Sonya Betz, Robyn Hall, MacEwan U., Canada
Microinteractions, macro results
Institutional repositories (have been called a”roach motels”): wanted to make a site faculty would be proud to use.
User testing = observation. Not about asking for opinions. Lets you observe problems.
* Representative users
* Representative tasks
* Observe what they do and where they have problems
* Revise and re-test
Microinteraction: a tiny piece of functionality.
Feedback to user: labels, error messages, etc.
Tested faculty on uploading documents to the repository.
Wanted to click on big “share” at bottom, so made that a link.
Nobody read “about” page or FAQ.
Nobody clicks on “Let us help,” because it sounds burdensome. Changed to “Let us do it.”
“Citation information” caused some confusion. They wondered what style to user, so changed to “Publication information.”
People wanted link to contribute another work. Also wanted link on their own names (“the academic ego”)
Getting ideas from ResearchGate and Dropbox.

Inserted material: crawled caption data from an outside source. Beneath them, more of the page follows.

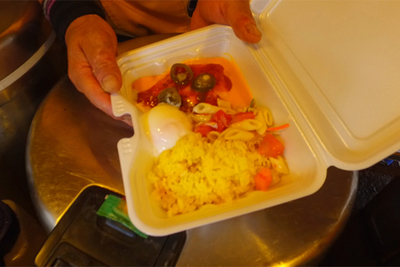 ランチにロコモコ弁当！東京・新橋のフードトラックマーケット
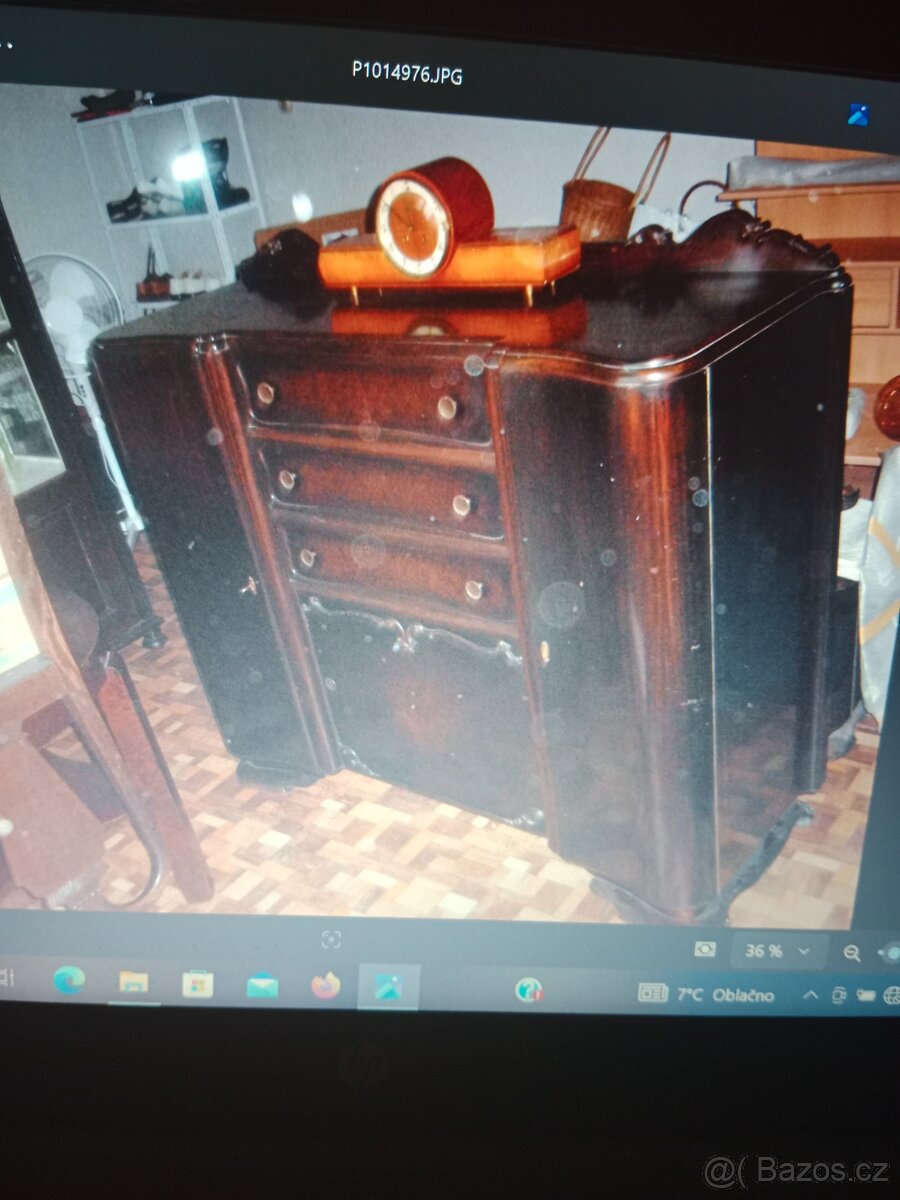 Prádelník starožitný historický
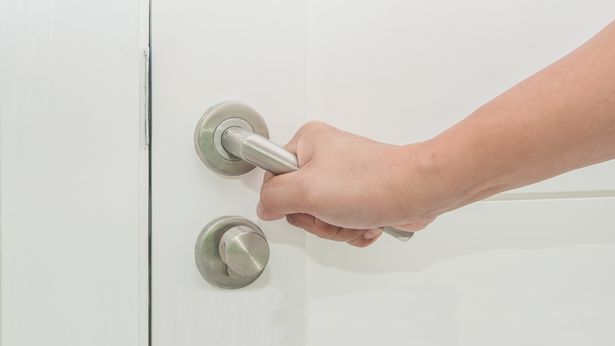 0_Close-Up-Of-Hand-Holding-Doorknob
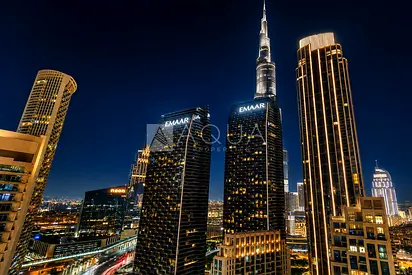 Upgraded | Burj Khalifa View | Chiller Free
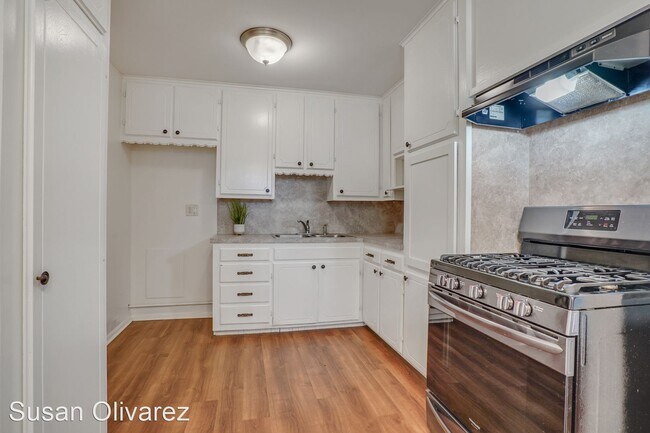 20409 E Admiral Blvd photo'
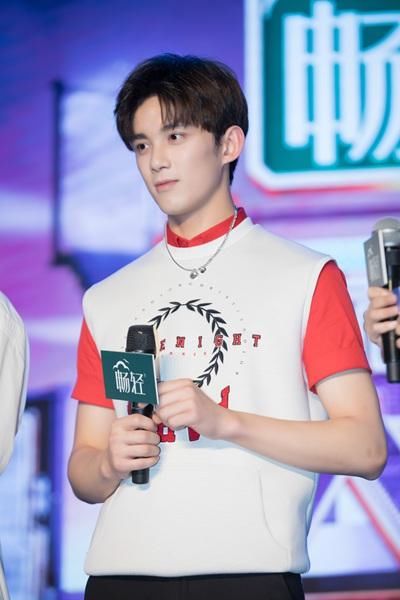 《我是大侦探》发布会 吴磊邓伦现场护粉引尖叫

Can make the difference between products we love and those we tolerate.
Weeding a website
Tabatha Farney, U. of Colorado
De-selecting “zombie content.”
New content management system led to more people creating more content. Library web site up to 300 pages.
Politics: people get nervous about weeding.
1. Identify low use pages with web analytics.
2. Get user feedback on those pages.
3. Decide what to weed.
Also looked at “bounce rate” (short time on page, no click on anything), last time it was viewed, last modified date.
Tried to put comment form of pages flagged for weeding. Flaw: already low use.
Met with content creators individually to understand why these pages exist.
Reasons like: it’s always been there, it makes the administrators happy, because some user may need it someday.
Consolidate pages like policies, staff directories, how-to info.
Working on a content strategy.
Marketing to web site users.
Archiving unused content. (Some are uncomfortable about deleting pages just yet.)